In conclusion, better control for BU was established through in-situ monitoring of LOD to determine appropriate mixing time at a specific jacket temperature. Multivariate analysis and PAT tools help to identify optimal process conditions with minimal resources and establish a scientific basis for process control.

4.3. Statistical Process Controls

Process Capability Analysis, Hypothesis testing, and Statistical Process Control (SPC) are tools used in Stage 3: Continued Process Verification (CPV) to monitor and control the manufacturing process. These tools help detect variations, identify trends, and ensure the process remains within established limits ^{16, 17, 18}.

Control charts are graphical tools used to monitor process stability over time. They help to determine whether a process is in control or if corrective actions are needed. X̄-R (Mean-Range) Chart and X̄-S (Mean-Standard Deviation) Chart are commonly used for process parameter monitoring.

• Case Study: Application of SPC

Objective: Monitoring the variability of Quality Attribute (QA) of an excipient.

This quality attribute property is considered critical to ensure the dissolution profile of a modified release drug product. Though the raw material test results were within the release criteria initially established for this raw material, a root cause analysis identified that the lots which were out of trend noted in the SPC chart has resulted in an out of specification limit for the dissolution profile in the finished good testing. Therefore, trending data and evaluating data using digital statistical tools connected to Laboratory Information Management Systems (LIMS) would enable identification of shift in the CMAs over time before its use in manufacturing thereby, saving money and time by eliminating usage of material which are trending differently, and we can avoid non-conformance.

Figure 6. Prediction Profiler.

Figure 6. Prediction Profiler.

Figure 6. IR Chart for monitoring Critical Raw Material Quality Attributes.

Figure 6. IR Chart for monitoring Critical Raw Material Quality Attributes.

Monitoring of this critical attribute and identifying the correlation enabled tightening of the specification to ensure control of variability and quality of the product. Several other statistical tools including Hypothesis Testing (ex. t-test, Chi-Square test, ANOVA etc.) and Process Capability monitoring (Cpk and Ppk) can be used to analyze the consistency between manufacturing batches and to ensure that raw material and process variability are within acceptable limits. In general, the control charts help the in-line, on-line or at-line monitoring and when used for continuous process verification provides substantially more information and knowledge about the process and might facilitate process improvements.

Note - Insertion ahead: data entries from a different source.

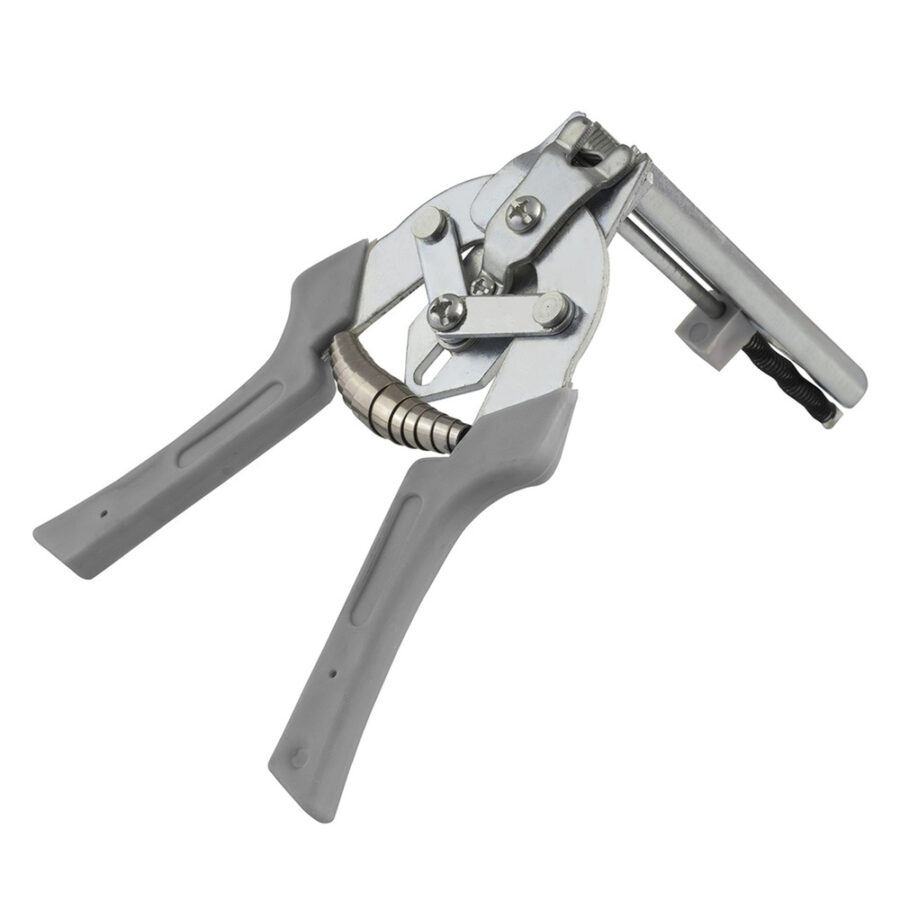 Alicates Para Mallas / Enrejados / Cercas con Cargador de 50 Grapas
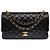 Bolsa CHANEL Timeless/Classique em Couro Preto - 103965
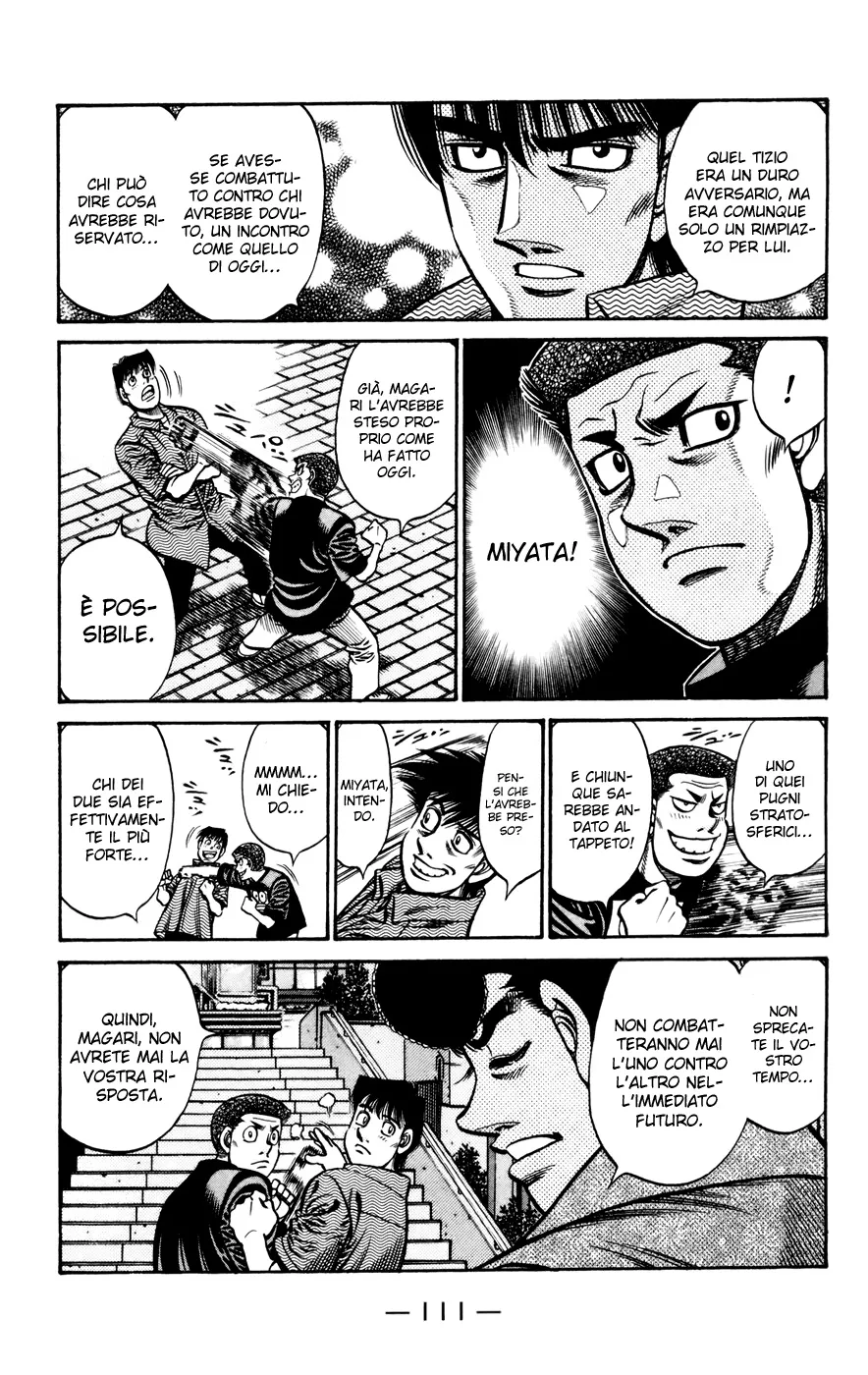 Read Hajime no Ippo IT Manga Online
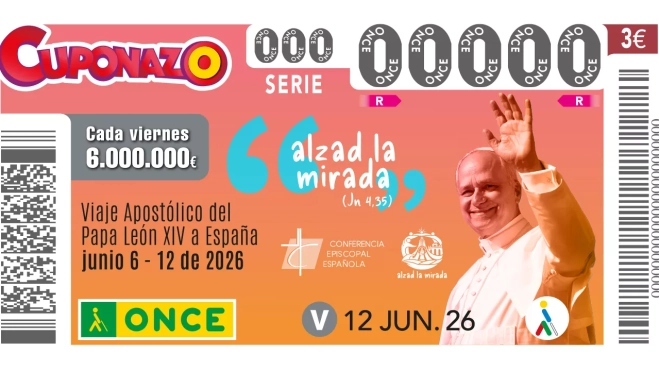Cuponazo 120626 Papa León XIV CEROS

In Summary, various digital tools can be employed at each stage of the life cycle approach. DoE softwares, QbD platforms, Modeling and Simulation tools are useful for modeling and understanding the process before commercial production. Laboratory Information Management Systems, Manufacturing Execution Systems, Distributed Control System etc can demonstrate that process performs reliably at scale. Statistical Process Controls, Advanced Analytics, Process Analytical Technology Tools are useful for continuous monitoring and control of process performance.

5. Conclusion

Process validation is a fundamental requirement in pharmaceutical manufacturing, ensuring that drugs meet regulatory and quality standards. A lifecycle-based approach, incorporating risk assessments and statistical analysis, helps manufacturers maintain product consistency while minimizing variability. By following FDA, EMA, TGA and other guidelines, companies can ensure compliance and achieve successful regulatory approvals. The successful implementation of QbD in pharmaceuticals ensures controlled manufacturing operations and predictable product outcomes by identifying optimal process conditions with minimal resources, establishing a scientific basis for process control and reducing process variability and improving product quality. Digital tools are increasingly integral to process validation, enabling smarter, faster, and more compliant manufacturing decisions.